Van Niel is proud of his former student and the mark she has made.

“Sarah was not only in the right place at the right time but knew her birds well enough to realize she was seeing a different species rather than, say, a light-colored individual of an expected species. Sarah’s sighting helped to write a chapter in the natural history of this species,” he said.

John Van Niel Professor John Van Niel

 

Forestiere will say goodbye in November to the piping plovers she has watched over for the last year. She had enjoyed the birds’ habits, for example, the male kicking up sand to make a nest, which the female inspects before settling in. The chicks – the two-penny cotton balls – are precocial, meaning they are running around and hunting for food within a couple days of hatching.

“We’re fortunate to host these rare endangered birds,” she said. “People say, ‘It’s just a little bird, what does it mean to me?’ I tell them most shore birds are indicator species. If that bird is in the area, the ecosystem is very healthy,” she said of the 17-mile dune and wetland habitat along the eastern shore of Lake Ontario.

She said she feels well prepared for what lies beyond graduation, thanks in part to her hands-on experiences at FLCC.

“I have a two-year education from FLCC, but it feels like I was there for a four-year degree with all the field experiences I had. I think black bear management really kind of did for me,” she said, referring to one of Van Niel’s classes. “Working with the DEC (state Department of Environmental Conservation), and going to the bear den.
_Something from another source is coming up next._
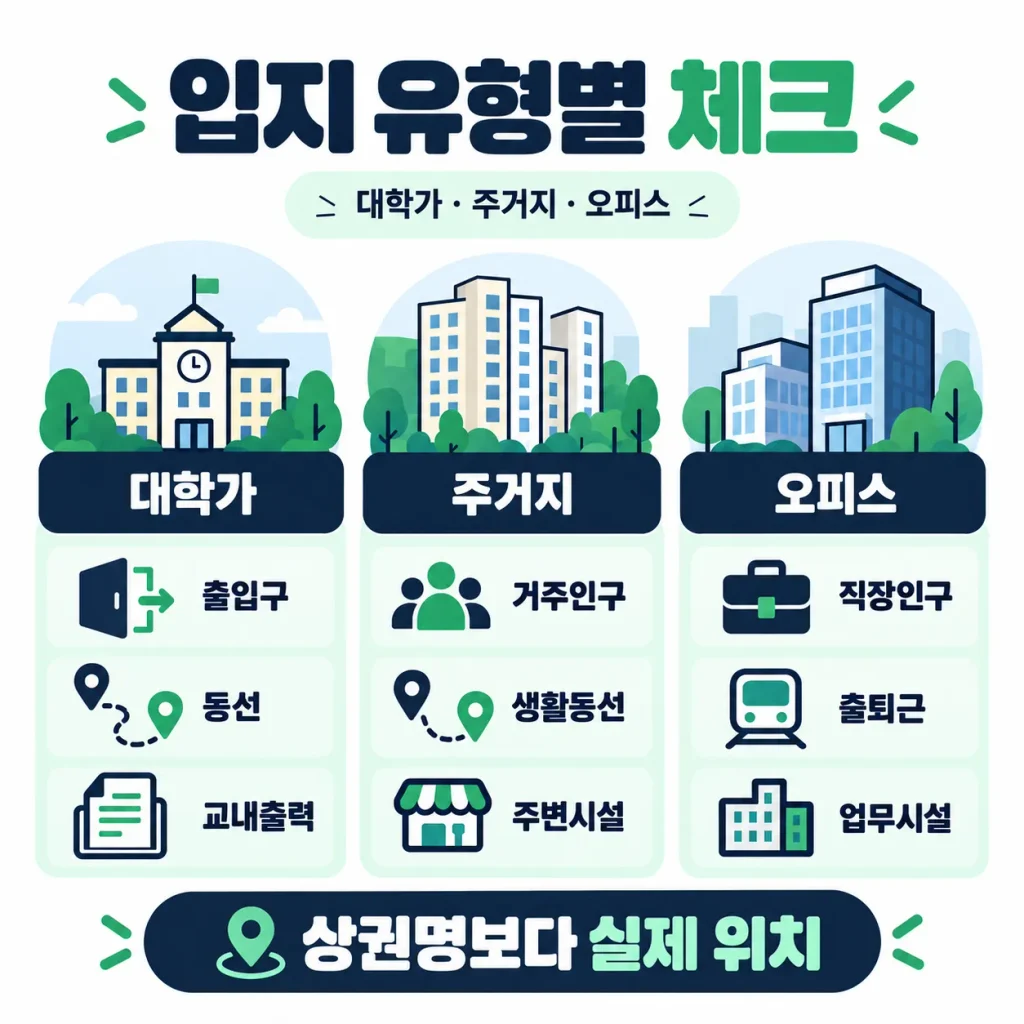 무인프린트 입지를 대학가 주거지 오피스로 나누어 출입구 동선 거주인구 직장인구 주변시설을 비교한 인포그래픽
I thought, ‘This is awesome.’”

A photo from the class that shows her holding a black bear cub prompts a little envy from the other park interns she has met. “They say, ‘That’s unreal. I’ve never heard of a black bear management class.”’
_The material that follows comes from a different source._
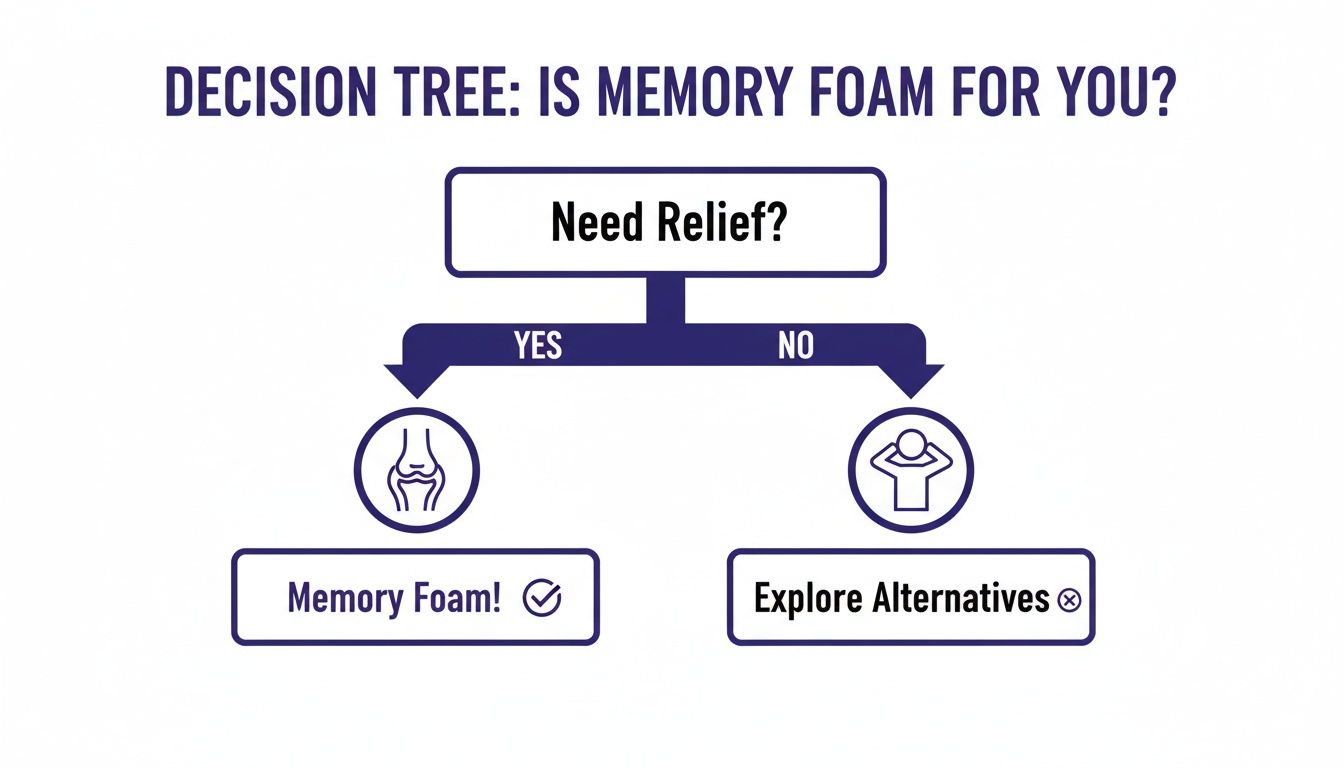 A decision tree flowchart titled 'Is Memory Foam For You?', suggesting it for relief.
Tiny brown and white chick Sarah Forestiere looked after these tiny piping plover chicks as an intern at Sandy Island Beach State Park in Pulaski, Oswego County.

Forestiere also appreciates the contacts she has made through her work with the state parks service, the U.S. Fish and Wildlife Service, and other agencies that study and protect wildlife. She hopes to find work as a wildlife technician that will allow her to see other parts of the country.
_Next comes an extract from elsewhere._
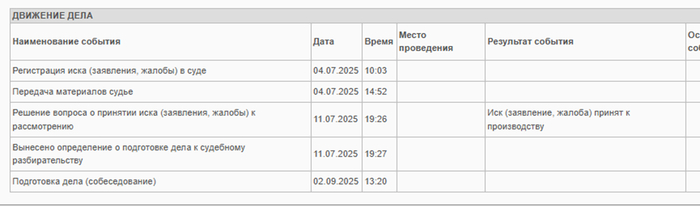 Суд принял заявление в работу.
As for the snowy plover, that story has just begun, too.

“Lone reports such as this are interesting, but the real value comes from numerous individuals all reliably reporting what they find,” Van Niel said. “In that way, patterns may emerge that can tell us if sightings like this are an isolated incident or part of a change in the natural history of a species."

Editor’s note for the birding community: When Jay McGowan went to Lake Ontario following Sarah Forestiere’s sighting of the snowy plover, he found a 3rd state record but overall rarer-in-the-country common ringed plover in the same area. See details are on his eBird checklist.